According to Lamontagne, the Access Centre for Students with Disabilities (ACSD) offers her 15 hours of free tutoring per semester for any class she struggles with, and a notetaker so she can focus on lectures better. When doing tests or exams, she is alloted extra time and given access to a computer with Word Q and Antidote—programs that help her identify and correct her spelling mistakes. Overall, Lamontagne said she is very satisfied and appreciative of everything the university has offered her.

I am happy to know that students who struggle with neurological conditions have access to resources that can drastically improve their situation in school. I am even happier to know that students are taking advantage of these resources. According to Statistics Canada, 14 per cent of the Canadian population aged 15 years or older—that’s 3.8 million individuals—reported having a disability that limited their daily activities.

As someone with a mental health condition, I can empathize with those struggling with neurological conditions. The weight of your responsibilities as a student anchor you down, and it feels extremely unfair that you have to deal with an extra infuriating hurdle.
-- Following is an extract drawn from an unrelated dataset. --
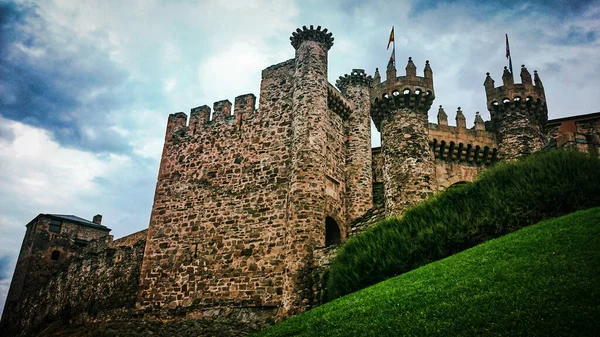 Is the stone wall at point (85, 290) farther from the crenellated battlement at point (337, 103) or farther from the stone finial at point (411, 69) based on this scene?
the stone finial at point (411, 69)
All schools should help their struggling students. After all, those students will be going out into the world with all the knowledge they acquired from school.

If you or someone you know is affected by a neurological condition, know that you are not alone. You deserve help, support and guidance in order to perform to the best of your ability. Most importantly, you need to be kind and patient towards yourself. Take advantage of everything that is offered to you. Why struggle alone when help is available?